[[ Data, beginning ]]

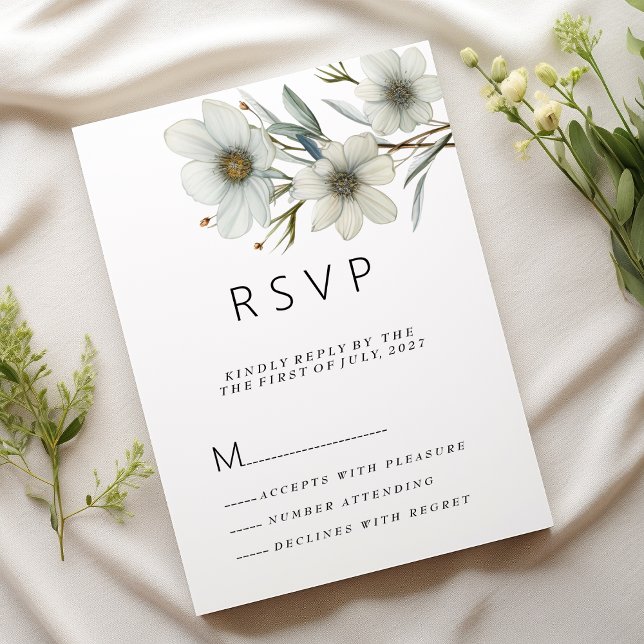 Invitación Sencilla menta blanca primavera verde floral RSVP (Simple white mint green spring floral RSVP )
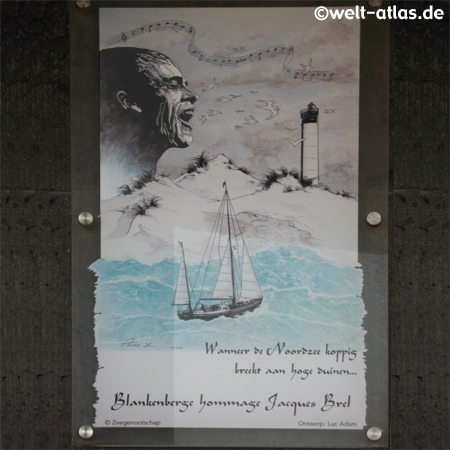 Blankenberge, hommage Jacques Brel, am Leuchtturm
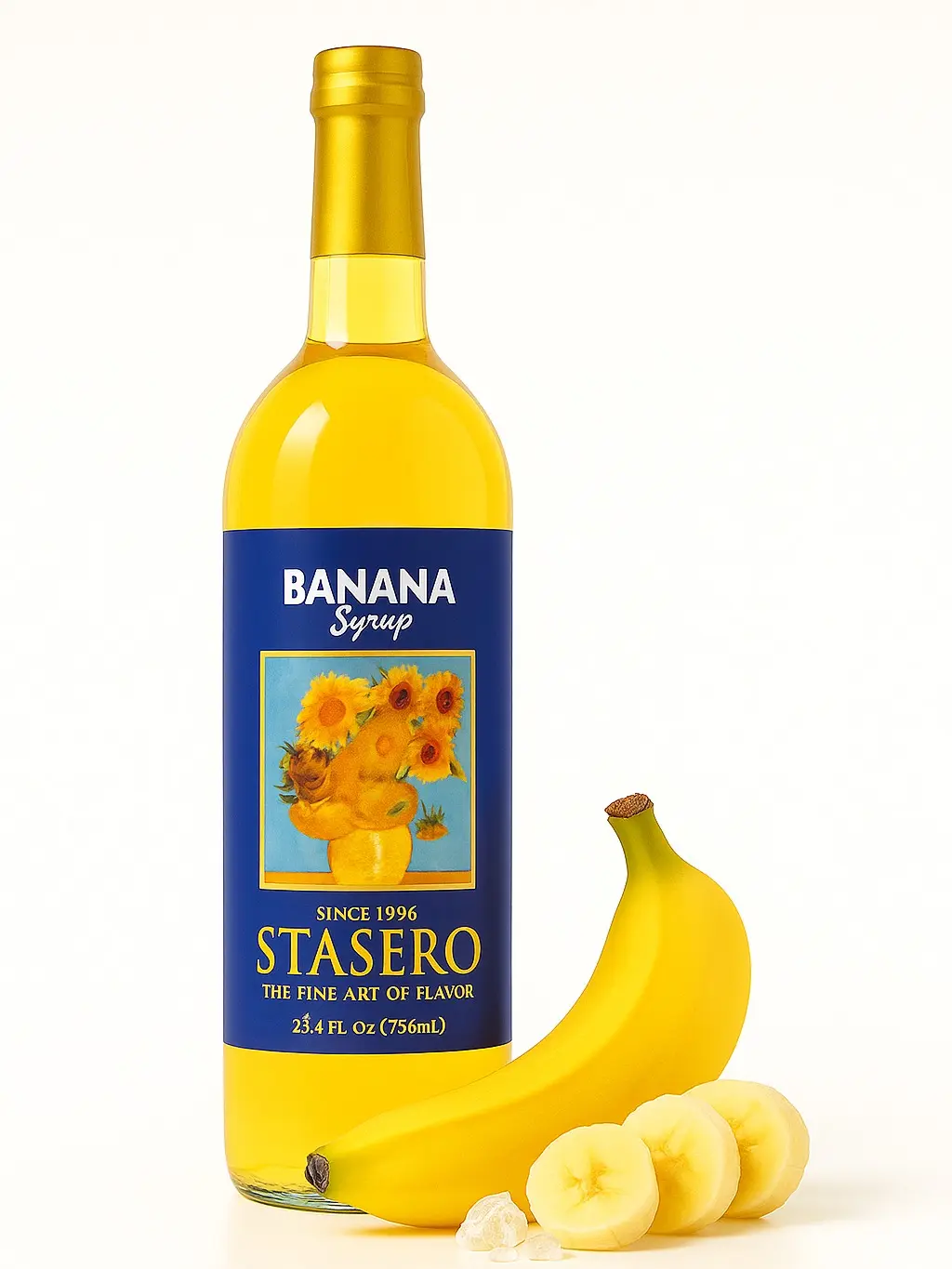 Stasero Banana Syrup 25.4 fl oz Bottle - Pure Fresh Concentrate with Peach Hint for Coffee Espresso Teas Italian Sodas Lemonades Shakes Frappes Desserts and More Beverage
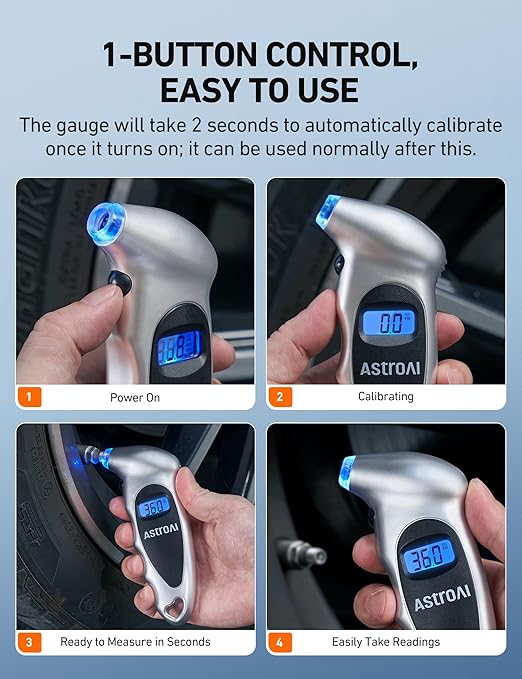 Digital Tire Pressure Gauge 0-150PSI Calibrated to ANSI B40.7 +/-1PSI, 4 Units for Car Truck Bicycle with Backlight LCD and Presta Valve Adaptor, Sliver, 4Pack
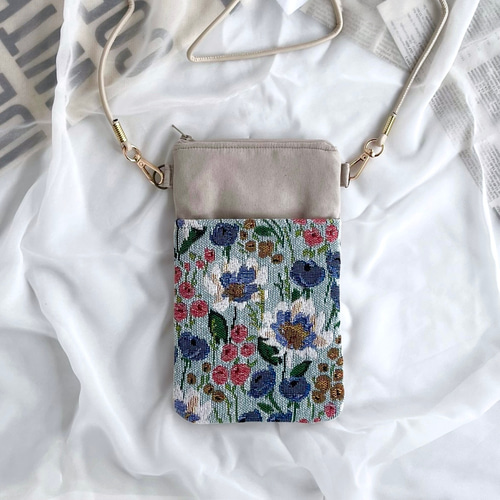 2898✨ゆきそらページ✨スマホポーチ　ハンドメイド スマホ迷子・卒業♡上品・可愛い♡大人のスマホショルダー♡便利な外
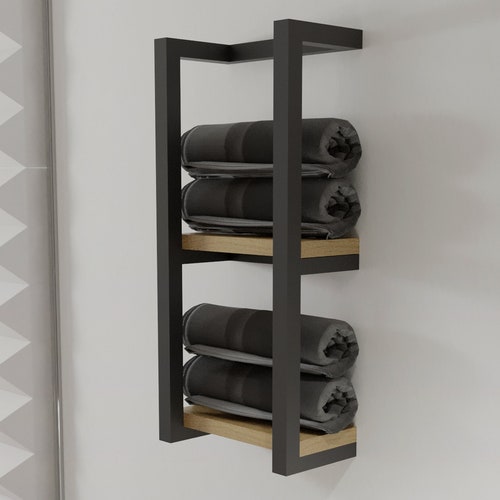 Industrial Pipe Hand Towel Rack With Wood Shelf. Etsy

[[ Data, end ]]

_What is needed_. Verbatim output, no pictures: the line holding "Digital Tire Pressure" and all lines after it through the last line of the material, with nothing else.

_Response to the task_.
 Digital Tire Pressure Gauge 0-150PSI Calibrated to ANSI B40.7 +/-1PSI, 4 Units for Car Truck Bicycle with Backlight LCD and Presta Valve Adaptor, Sliver, 4Pack
 2898✨ゆきそらページ✨スマホポーチ　ハンドメイド スマホ迷子・卒業♡上品・可愛い♡大人のスマホショルダー♡便利な外
 Industrial Pipe Hand Towel Rack With Wood Shelf. Etsy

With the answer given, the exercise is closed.